Every entry gets copied exactly. No images go into the copy.

[[ The data open ]]

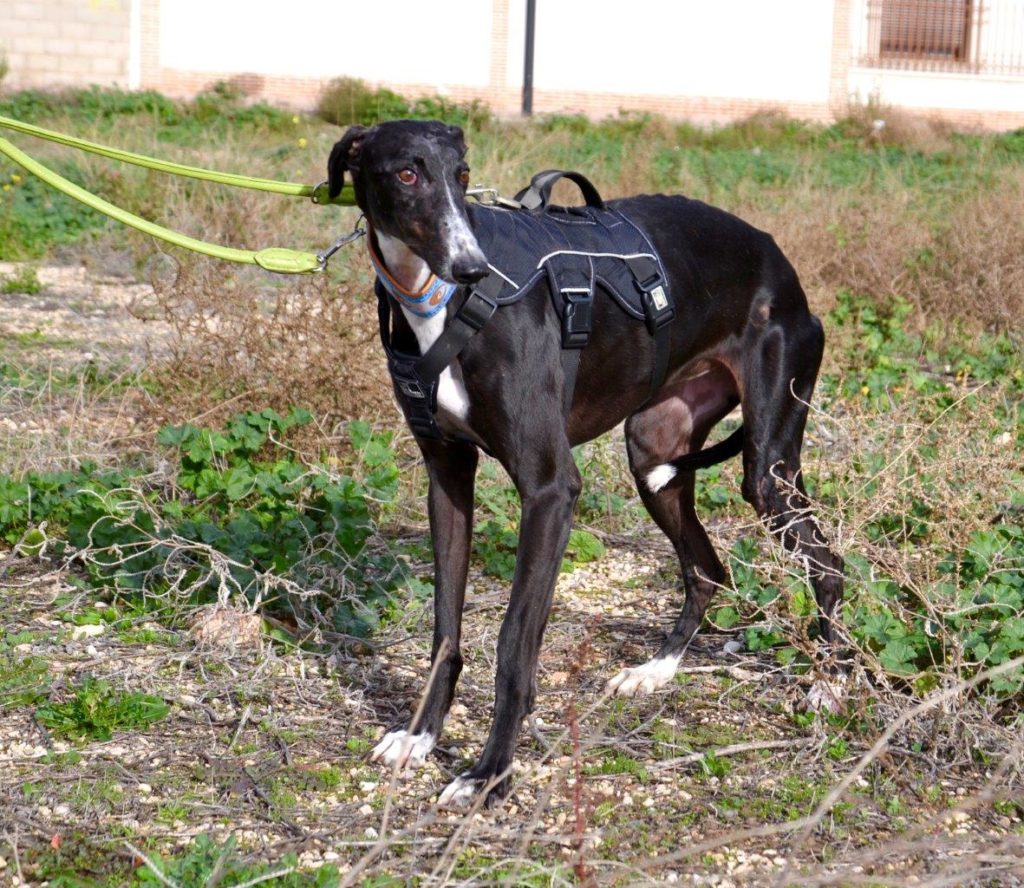 Photo de REMENY, un lévrier en attente d adoption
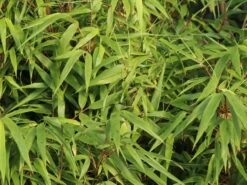 Schirmbambus -Edelrosen Geschaft schirmbambus m058288 w 2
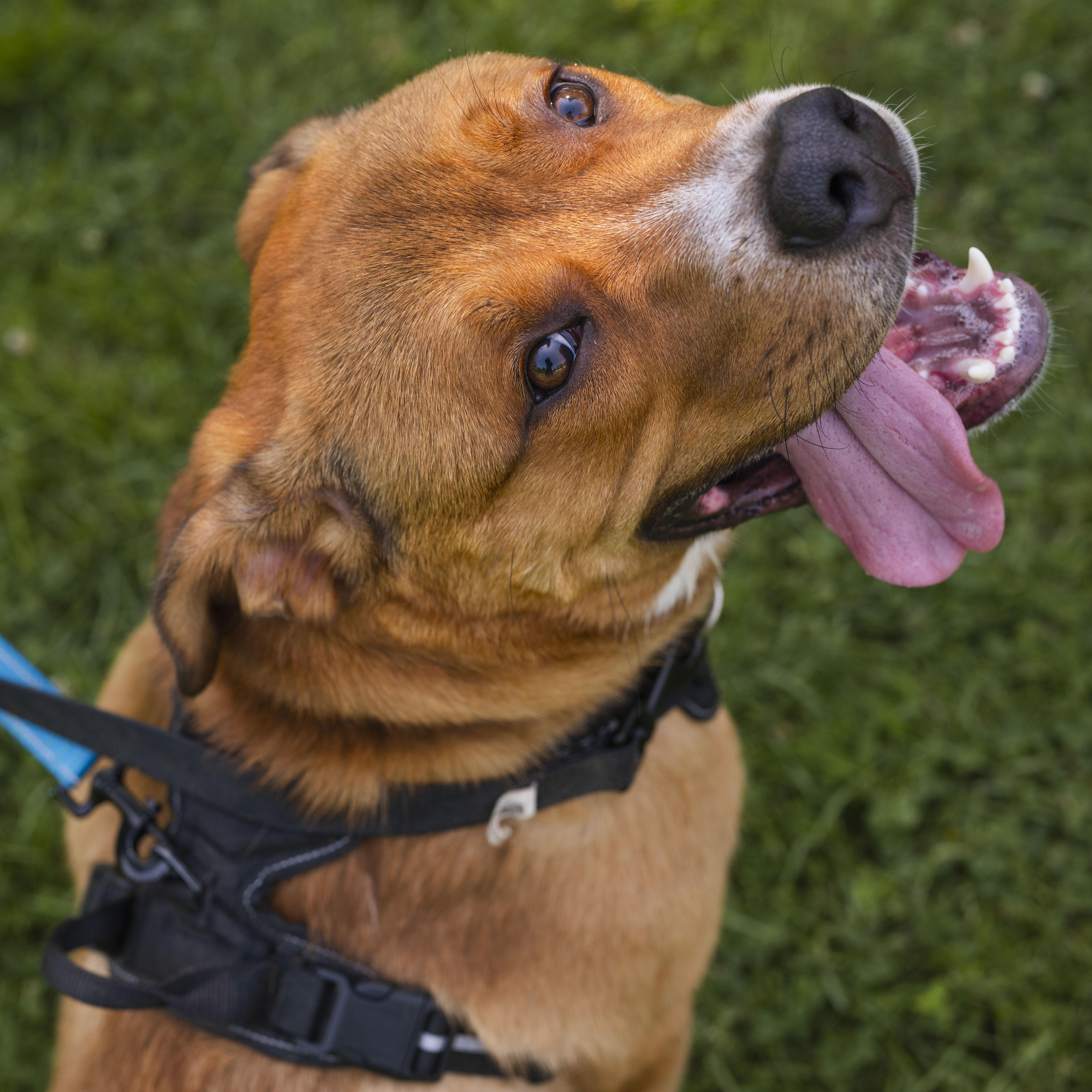 Kyle, a ADOPTABLE Mixed Breed in Mississauga, ON image 2/5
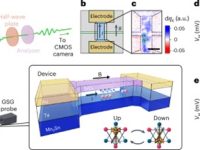 超快磁翻转新突破:科学家首次实现非热与热辅助双模式操控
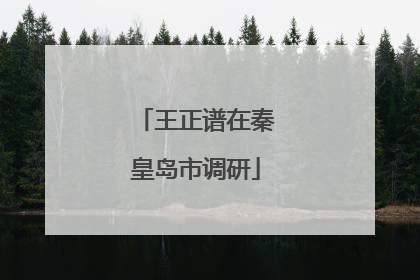 王正谱在秦皇岛市调研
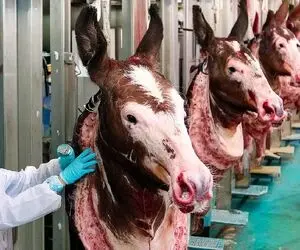 فرآوری الاغ؛ الاغ رو بعد 50 سال بهره کشی با هواپیما برد سلاخونه واسه گردن زنی
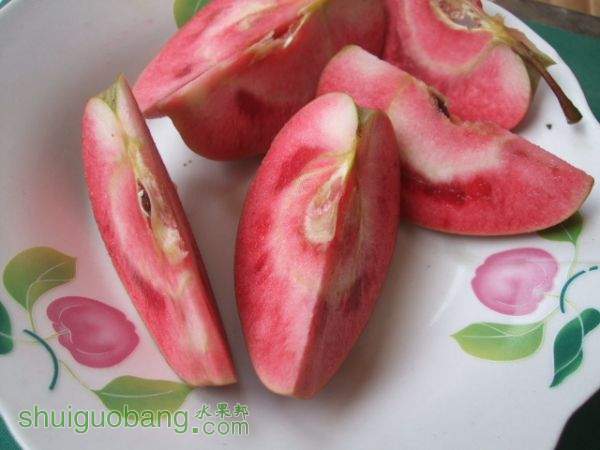 2015��8��19�պ�ɫ֮�� 008.jpg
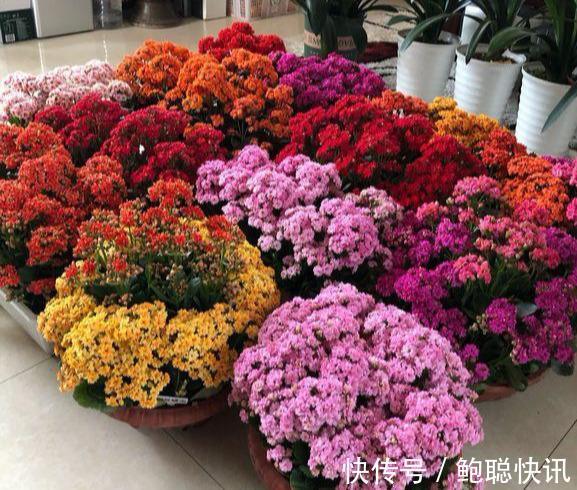 长寿花“半死不活”僵一年3点大营救,浇点促花肥,花苞挤满盆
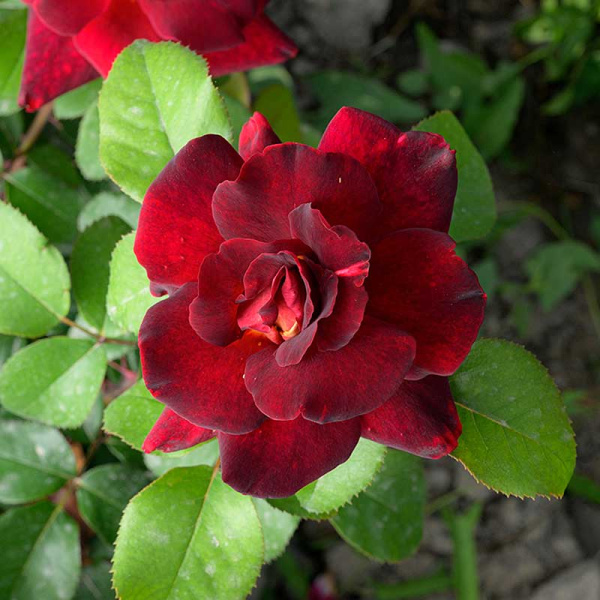 Роза чайно-гибридная Эдди Митчелл Садовита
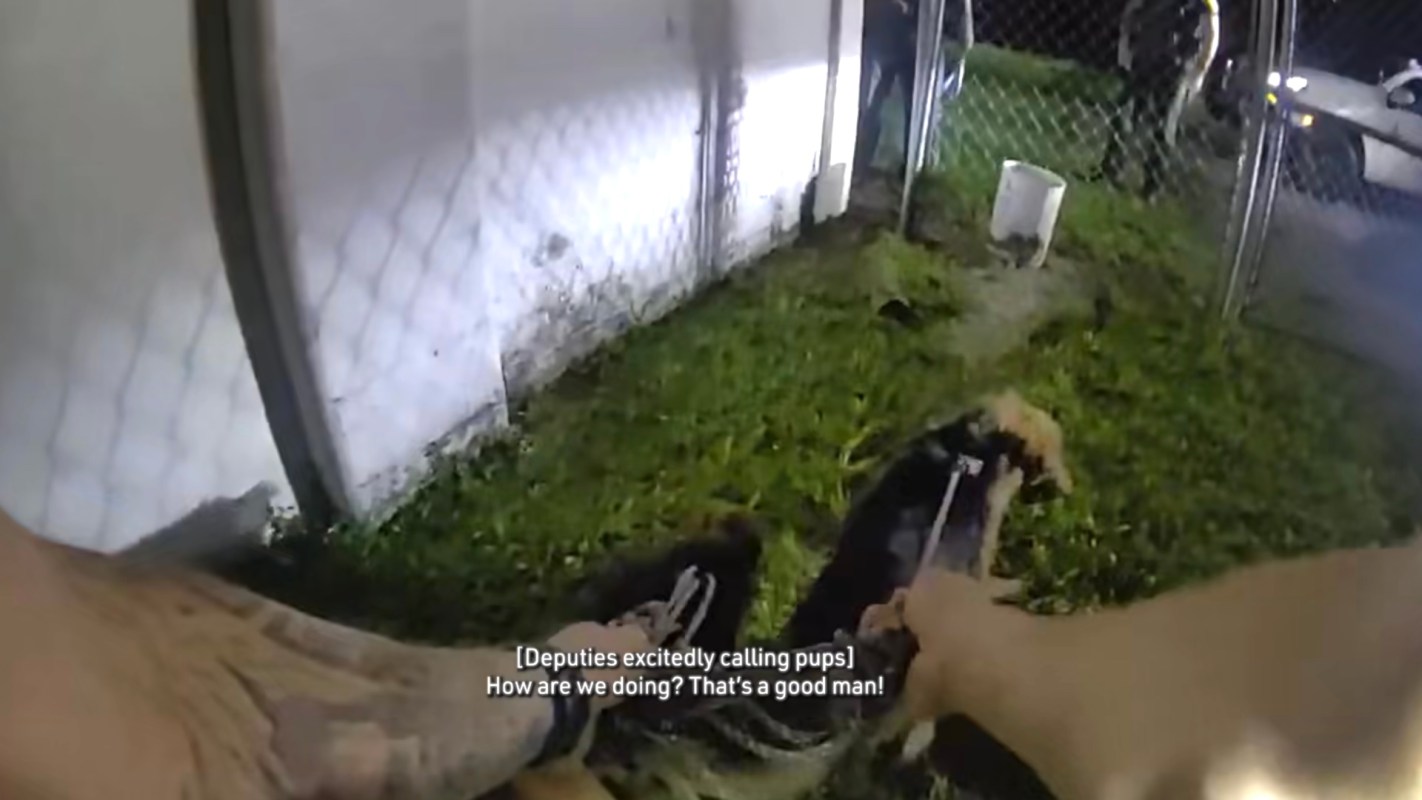 A person holds a leash with a dog in a grassy area, with deputies nearby.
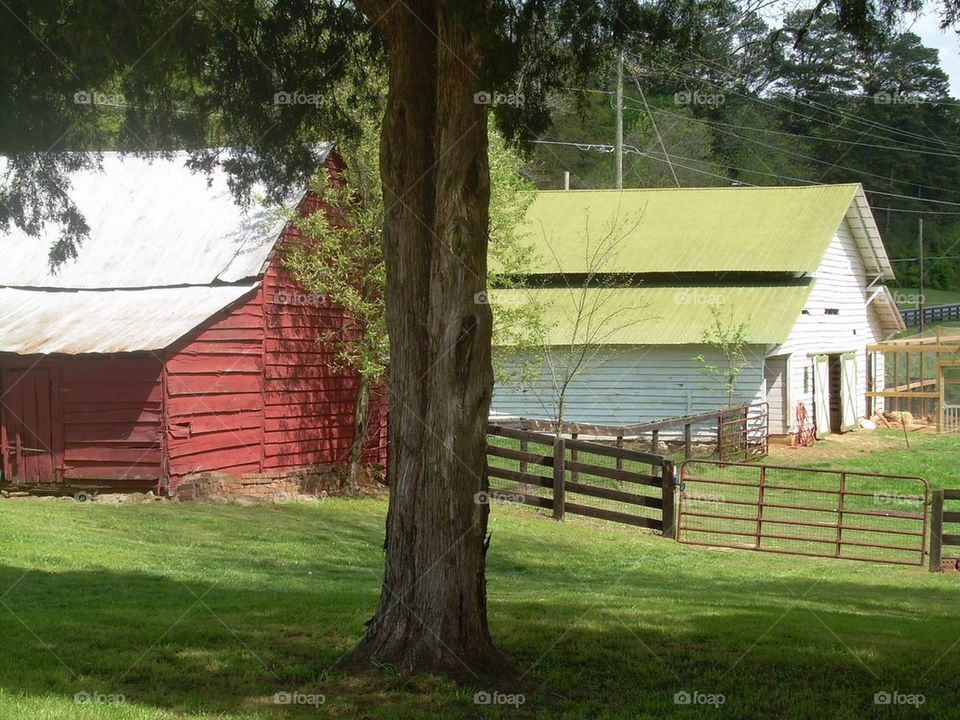 Barn pasture tree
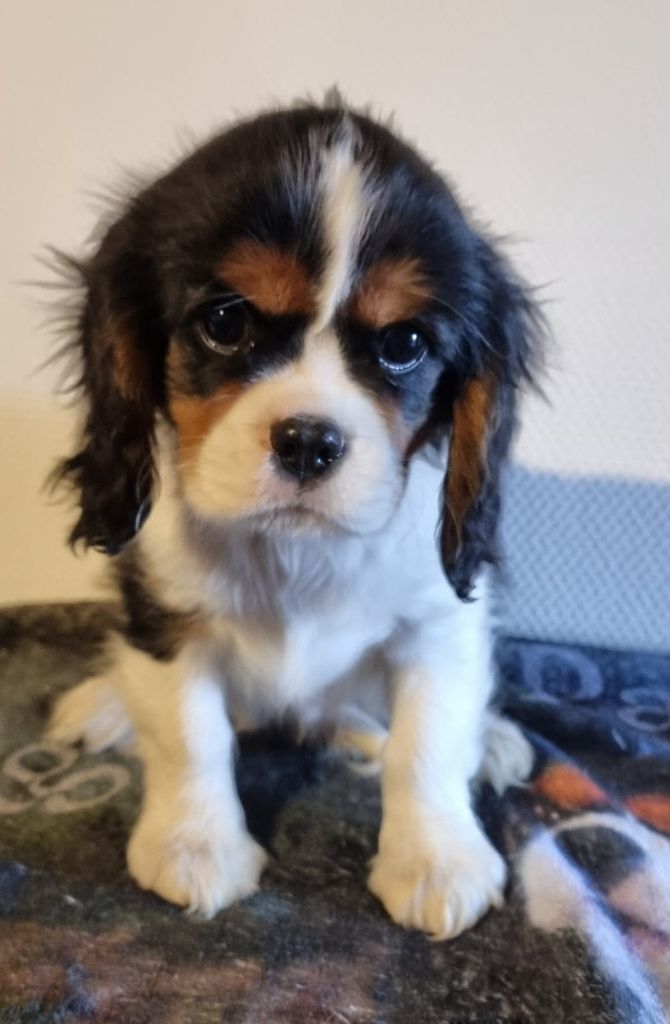 Voyou Des Pattes D'Argent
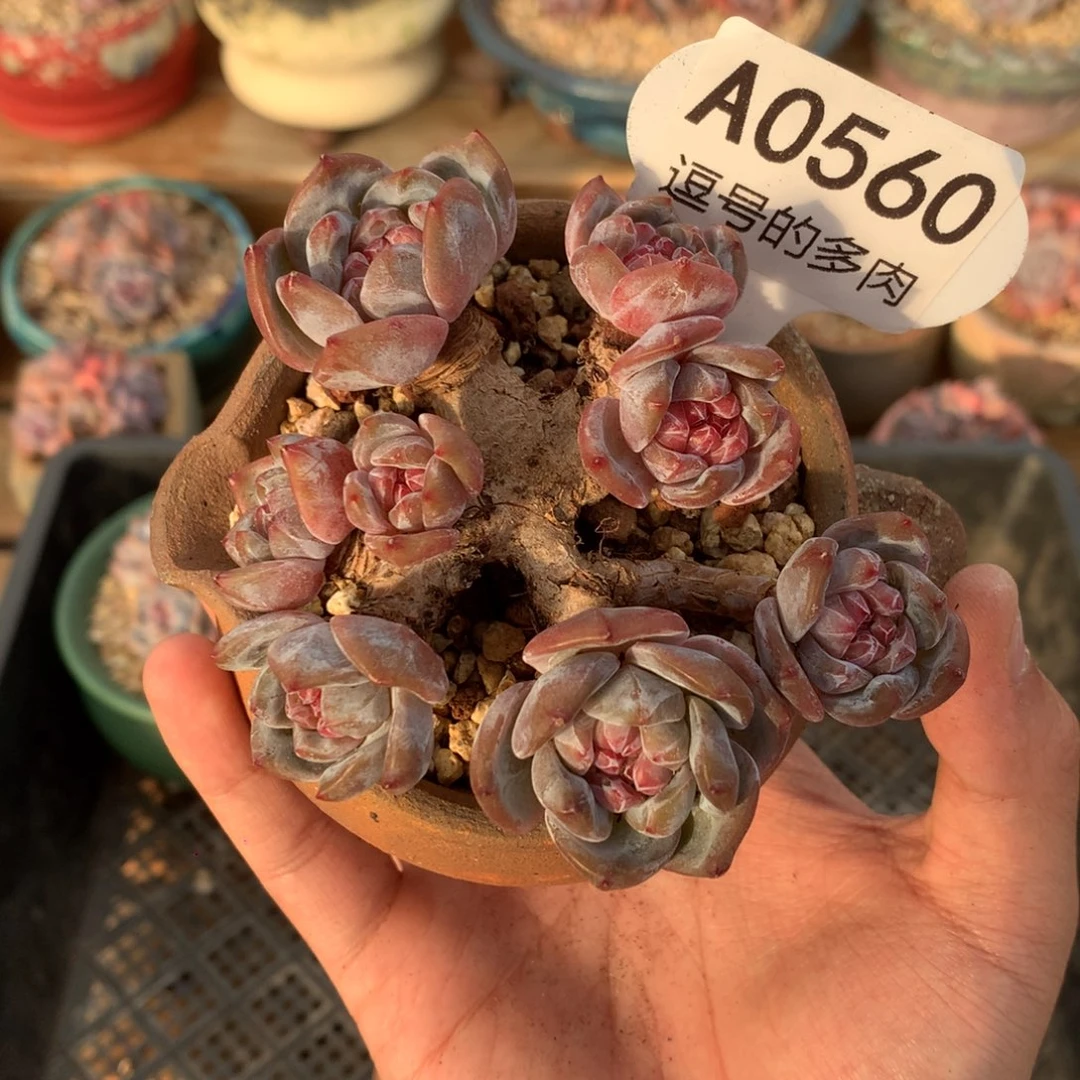 A0560 红宝石星影小树 有砍 9cm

[[ The data closed ]]

#### Result
 Photo de REMENY, un lévrier en attente d adoption
 Schirmbambus -Edelrosen Geschaft schirmbambus m058288 w 2
 Kyle, a ADOPTABLE Mixed Breed in Mississauga, ON image 2/5
 超快磁翻转新突破:科学家首次实现非热与热辅助双模式操控
 王正谱在秦皇岛市调研
 فرآوری الاغ؛ الاغ رو بعد 50 سال بهره کشی با هواپیما برد سلاخونه واسه گردن زنی
 2015��8��19�պ�ɫ֮�� 008.jpg
 长寿花“半死不活”僵一年3点大营救,浇点促花肥,花苞挤满盆
 Роза чайно-гибридная Эдди Митчелл Садовита
 A person holds a leash with a dog in a grassy area, with deputies nearby.
 Barn pasture tree
 Voyou Des Pattes D'Argent
 A0560 红宝石星影小树 有砍 9cm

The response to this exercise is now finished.